- [Try it]
The part below that opens with the line containing "Louis Vuitton Vintage" and closes with the line containing "450 Greenbay Road, Mooresville, NC 28117" should be copied exactly, minus any pictures.

━━━ Records for the exercise ━━━

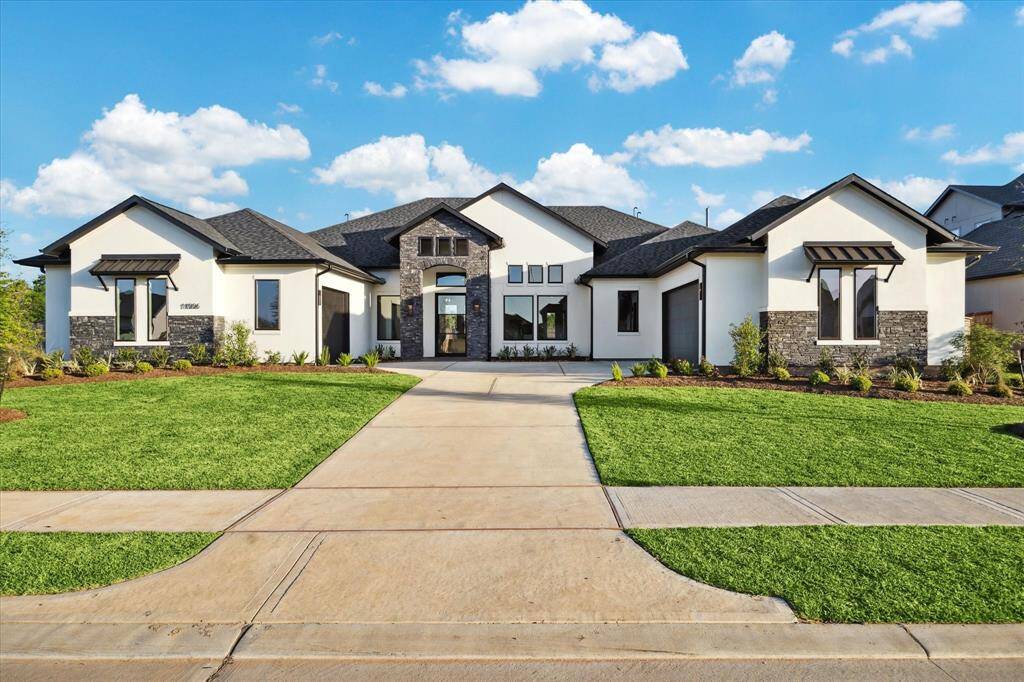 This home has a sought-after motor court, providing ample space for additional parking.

━━━
━━━ Records for the exercise ━━━

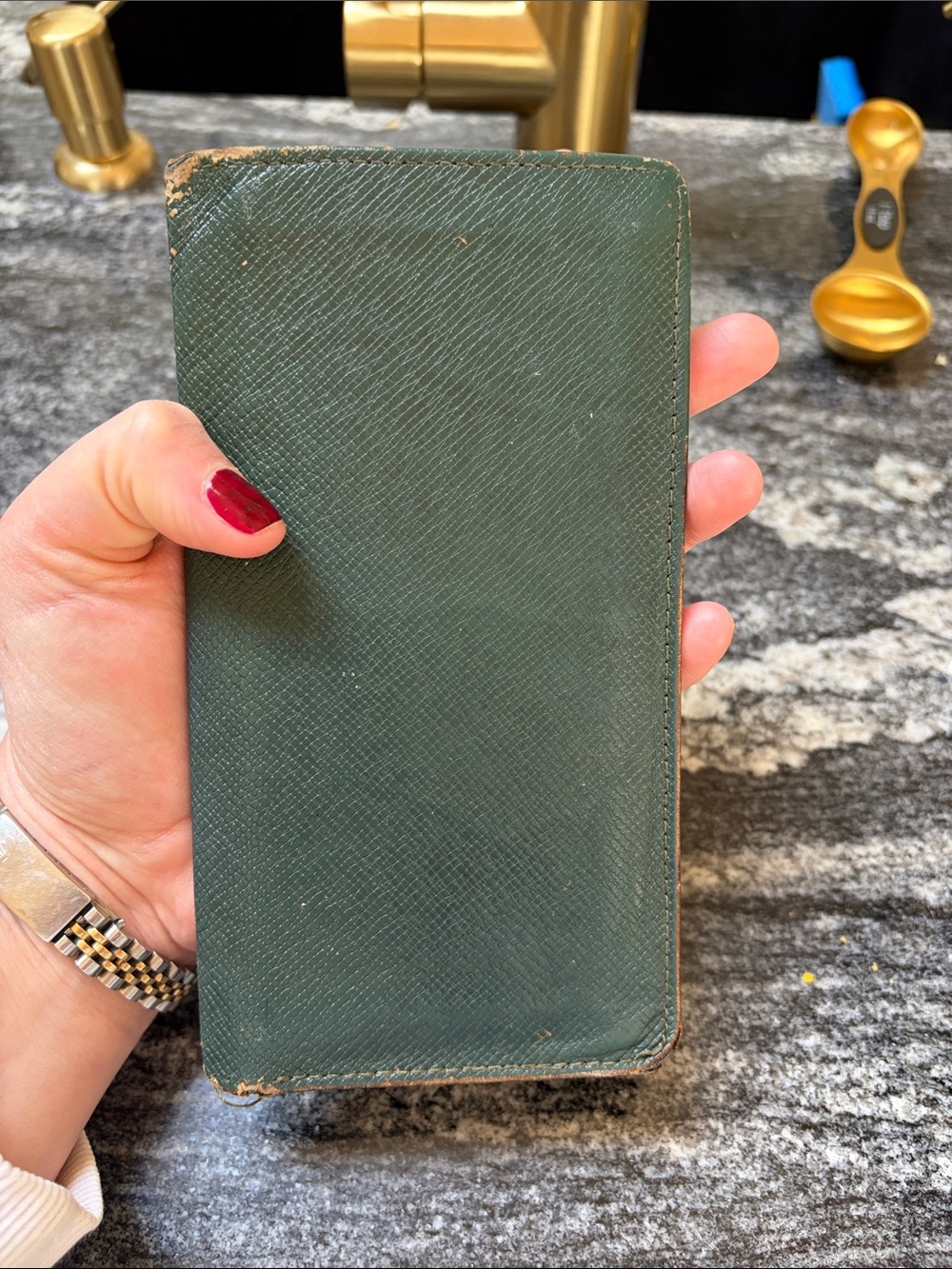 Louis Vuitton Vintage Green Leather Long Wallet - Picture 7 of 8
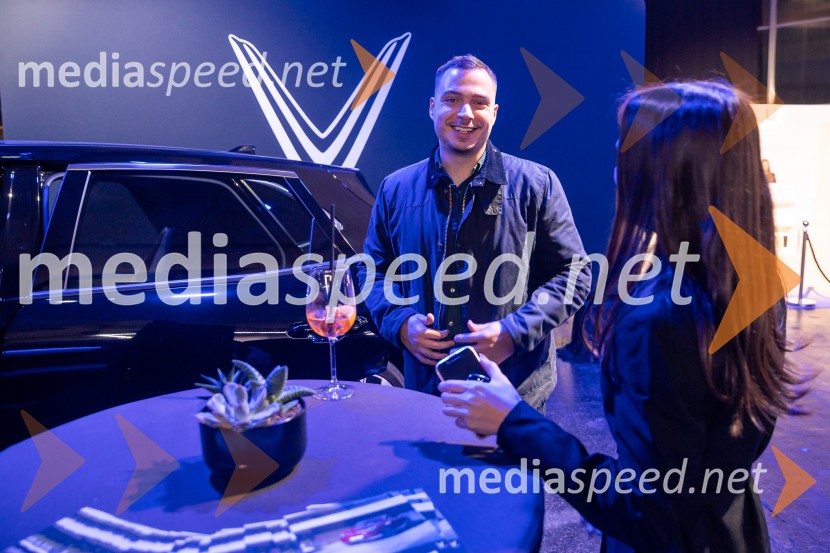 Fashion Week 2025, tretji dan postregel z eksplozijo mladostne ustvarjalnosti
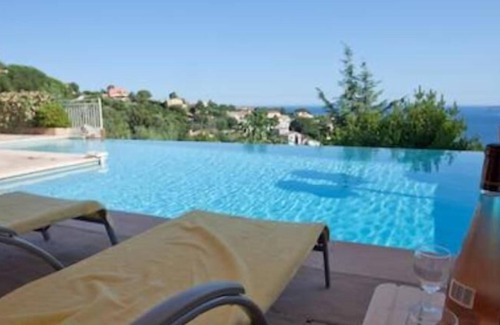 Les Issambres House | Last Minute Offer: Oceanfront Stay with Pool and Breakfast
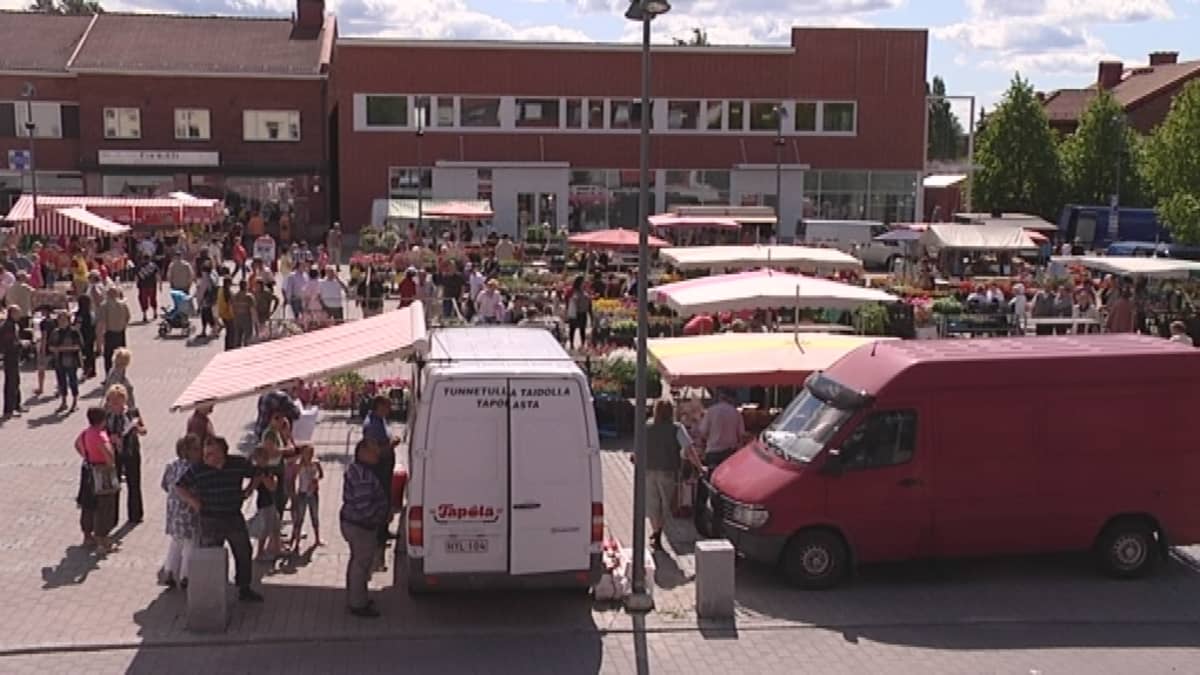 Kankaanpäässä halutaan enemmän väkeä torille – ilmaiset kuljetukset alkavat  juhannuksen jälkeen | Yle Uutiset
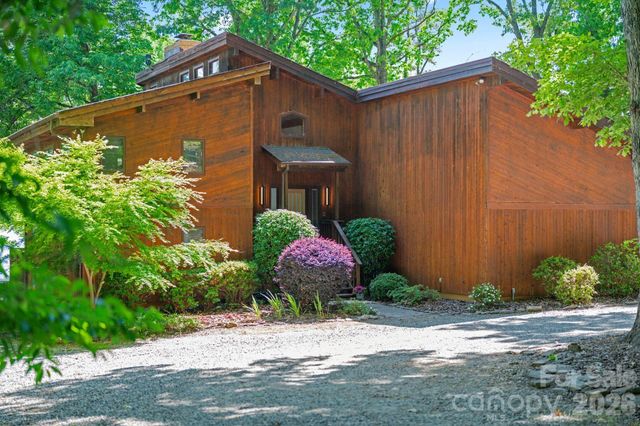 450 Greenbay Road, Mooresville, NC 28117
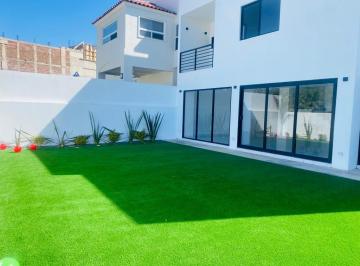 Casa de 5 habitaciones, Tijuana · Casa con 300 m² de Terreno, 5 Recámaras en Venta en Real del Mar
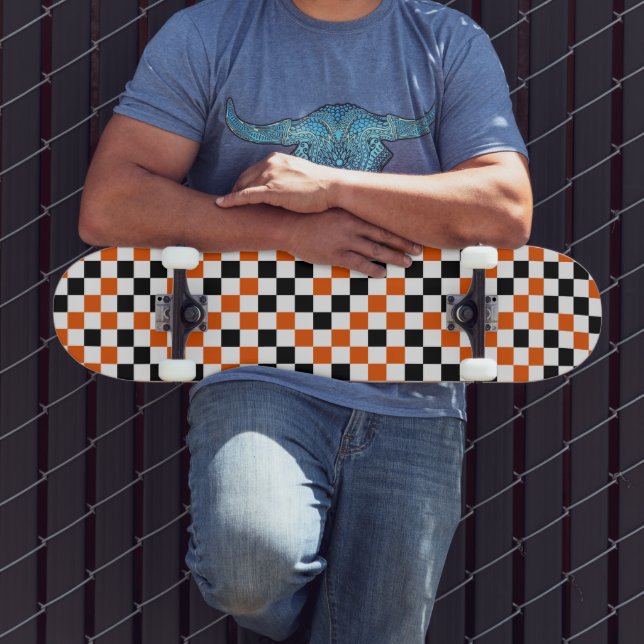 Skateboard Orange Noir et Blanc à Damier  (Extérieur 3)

━━━

- [Solution for this task]
 Louis Vuitton Vintage Green Leather Long Wallet - Picture 7 of 8
 Fashion Week 2025, tretji dan postregel z eksplozijo mladostne ustvarjalnosti
 Les Issambres House | Last Minute Offer: Oceanfront Stay with Pool and Breakfast
 Kankaanpäässä halutaan enemmän väkeä torille – ilmaiset kuljetukset alkavat  juhannuksen jälkeen | Yle Uutiset
 450 Greenbay Road, Mooresville, NC 28117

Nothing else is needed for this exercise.